Дело прояснялось, однако меня все более заинтриговывала здесь роль самого Григория Тимофеевича, но, конечно, дознаваться об этом было преждевременно.
— Так ли в действительности был необходим гуманоиду свежий воздух? — спросил я недоверчиво.
— Дольше оставаться в пещере ему было нельзя: заживление ран замедлилось, он задыхался.
— А где он обгорел?
— Точно не скажу, — вероятно, во время ремонтных работ в одном из отсеков вспыхнул пожар.
«Неплохая осведомленность», — помыслил я и вслух заметил:
— Неужто взаправду Они разучились лукавить, раз не сумели ничего другого придумать, кроме этой нелепицы про автоаварию?
— Получается так.
— Что же вы, Григорий Тимофеевич, не подсказали им? — не удержался я от насмешки.
— А зачем? — ответствовал учитель с серьезной миной. — Все равно ты обо всем догадался бы… Но, признаться, не пойму, чем вызван твой тон? Ты, Сереженька, будто уличить меня стремишься?
— Что вы, что вы, — заверил я убежденно, — вовсе нет. Только, согласитесь, Григорий Тимофеевич, в престранном положении мы с вами оказались, тут и голову потерять легко.
— А по мне, все обыкновенно, — пожал плечами сосед. — Тебе, видно, юношеский пыл мешает… или нервозность твоя природная; ничего, поуспокоишься, свыкнешься с мыслью, что знаешь больше других, и увидишь — все обыкновенно. Попробуй-ка сказать себе: «Ну что такого из ряда вон выходящего было? Да ничего», — и в самом деле прозреешь: ничего ведь не было.
Я понимал, что являлся объектом очередного розыгрыша, что Тимофеевичу зачем-то было очень нужно убедить меня в заурядности происшедшего, но зачем? И все же мне почему-то казалось, что и это не самое важное сейчас для него, что преследует он какую-то далекую цель, касающуюся меня, и поведение его, в чем-то неуловимо изменившегося, незнаемого, настораживало — внутренне я весь напрягся.
— Послушай, что пишет ученый человек — зам. директора обсерватории, между прочим, — внушительно изрек Тимофеевич и, отстранив в вытянутой руке газету, начал цитировать: —… Только в нашей Галактике насчитывается около двухсот миллиардов звезд. Четверть из них вполне может иметь планеты. А каждая сотая планета теоретически может быть обитаема живыми существами. Только вот вопрос: какие они, эти существа? — Тимофеевич опустил газету и сказал: — Последний вопрос, как ты понимаешь, для нас с тобой прояснился, и здесь единственное наше отличие от этого зам. директора, но я не поручусь, что в скором времени и он, и великое множество прочих, пока пребывающих в неведении писак, запросто не усядутся за один стол с гуманоидами…
— Тут вы преувеличиваете, Григорий Тимофеевич.
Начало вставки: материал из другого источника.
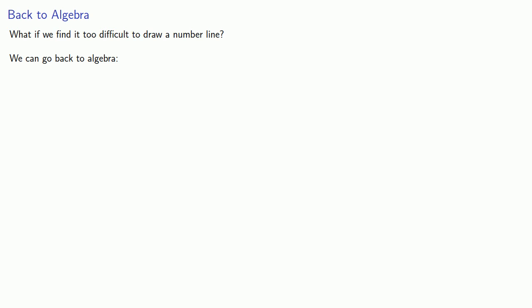And so, if A is positive, then the absolute value of A is just A. While if A is negative, then the absolute value of A is negative A.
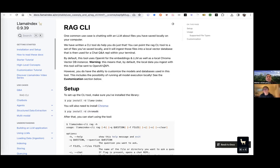So for instance, you have a bunch of PDF documents or text documents, and you want to implement a question-answering system on top of that, but you don't want to deal with graphical user interfaces, Jupyter notebooks, and so on. You can do it directly in terminal. That's a use case which for a lot of people who are developers is a very interesting tool, because they don't need to leave the terminal — they can ask questions about their documents while they are in terminal.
— Отнюдь, — уверен, что не с этими, так с другими пришельцами, но контакт будет установлен. Человечество стоит на пороге четвертой мировой мировоззренческой революции — после Коперника, Дарвина, Маркса, — продолжал он с силой, — нас ожидает эра межпланетного общения, взаимодействия и взаимопроникновения, титанический прорыв в технологии, мы все изменимся до неузнаваемости…
«Кажется, с вами, наш капитан, это уже происходит», — помыслил я, поражаясь перемене, случившейся с Тимофеевичем; никогда прежде не наблюдал я его в таком возбуждении и воодушевлении, глаза его горели, и, представлялось, он позабыл, что я нахожусь рядом, и в порыве, всем своим существом был устремлен в будущее.